Time table for the reverse split
4 June  Last day of trade in the SAS’ shares before the reverse split
– Last day with the possibility of obtaining a number of shares in SAS equally divisible by thirty
7 June  First day of trade in the SAS’ shares after the reverse split
– New share price and ISIN-code
9 June Record date for the reverse split
around 10 June Payment of proceeds from sale of excess shares in Denmark
around 15 June Payment of proceeds from sale of excess shares in Sweden and Norway

An information sheet with information about the reverse split is available on SAS website.
 

For further information, please contact
Sture Stølen, Head of SAS Group Investor Relations, +46 70 997 14 51
SAS Group Investor Relations

SAS discloses this information pursuant to the Swedish Securities Market Act and/or the Swedish Financial Instruments Trading Act. The information was provided for publication on 1 June 2010, at 11:00 a.m. CET. 

Disclaimer
This document is not being distributed to persons in any state or jurisdiction where the offer or sale of the rights or shares is not permitted. 

These materials are not an offer for sale of securities in the United States. Securities may not be sold in the United States absent registration with the United States Securities and Exchange Commission or an exemption from registration under the U.S. Securities Act of 1933, as amended. The issuer of the securities does not intend to register any part of the offering in the United States or to conduct a public offering of the Rights or the Shares in the United States. 

This document is only being distributed to and is only directed at (i) persons who are outside the United Kingdom or (ii) to investment professionals falling within Article 19(5) of the Financial Services and Markets Act 2000 (Financial Promotion) Order 2005 (the “Order”) or (iii) high net worth companies, and other persons to whom it may lawfully be communicated, falling within Article 49(2)(a) to (d) of the Order (all such persons in (i), (ii) and (iii) above together being referred to as “relevant persons”). The Rights and the Shares are only available to, and any invitation, offer or agreement to subscribe, purchase or otherwise acquire such securities will be engaged in only with, relevant persons. Any person who is not a relevant person should not act or rely on this document or any of its contents. 

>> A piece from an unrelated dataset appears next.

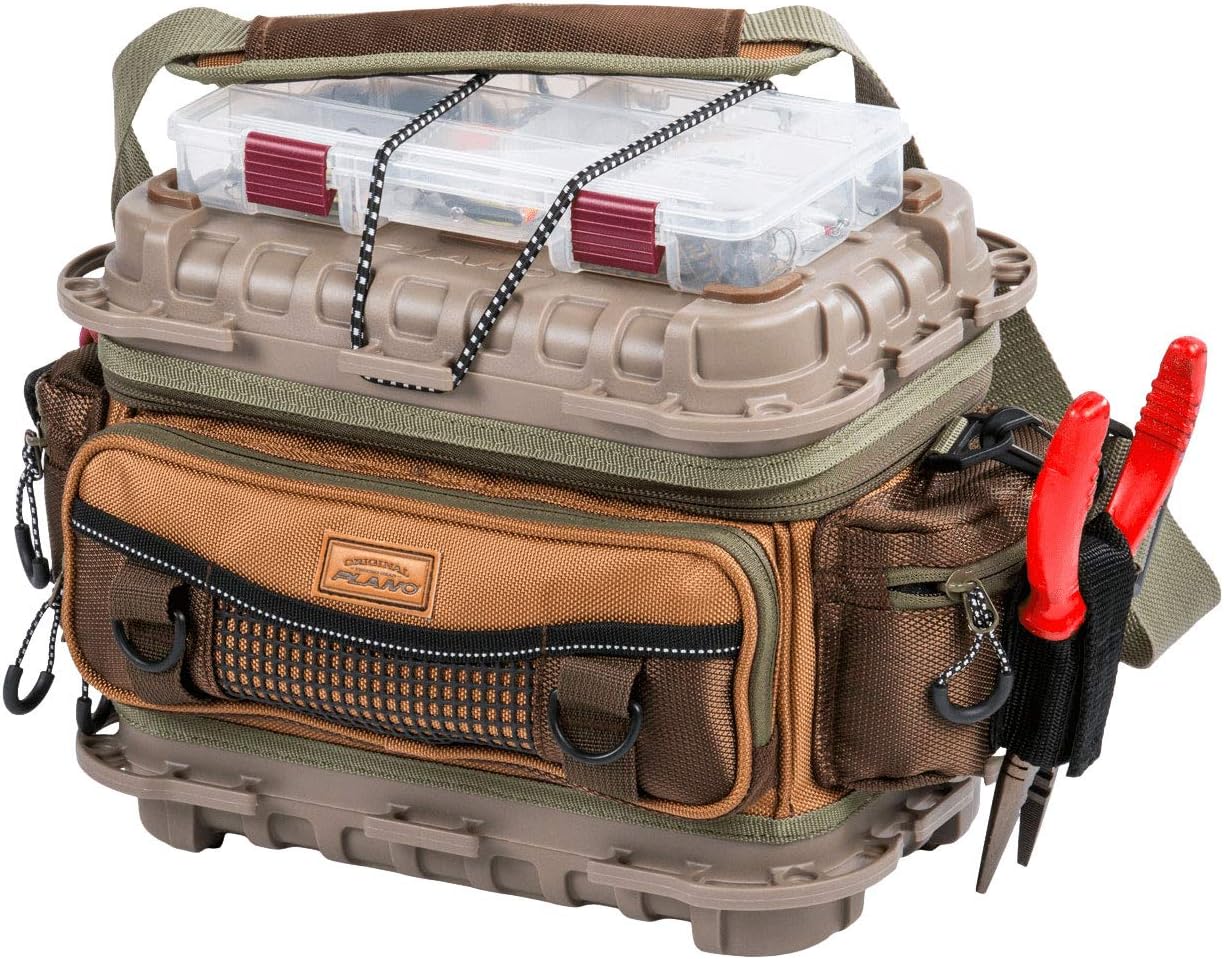 Plano Guide Series 3500 Size Fishing Tackle Bag Includes Five 3500's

This document is an advertisement and is not a prospectus for the purposes of Directive 2003/71/EC (such Directive, together with any applicable implementing measures in the relevant home Member State under such Directive, the “Prospectus Directive”). A prospectus prepared pursuant to the Prospectus Directive will be published, which, when published, can be obtained from the SAS Group. Investors should not subscribe for any securities referred to in this document except on the basis of information contained in the prospectus. 

In any EEA Member State that has implemented the Prospective Directive, this communication is only addressed to and is only directed at qualified investors in that Member State within the meaning of the Prospectus Directive.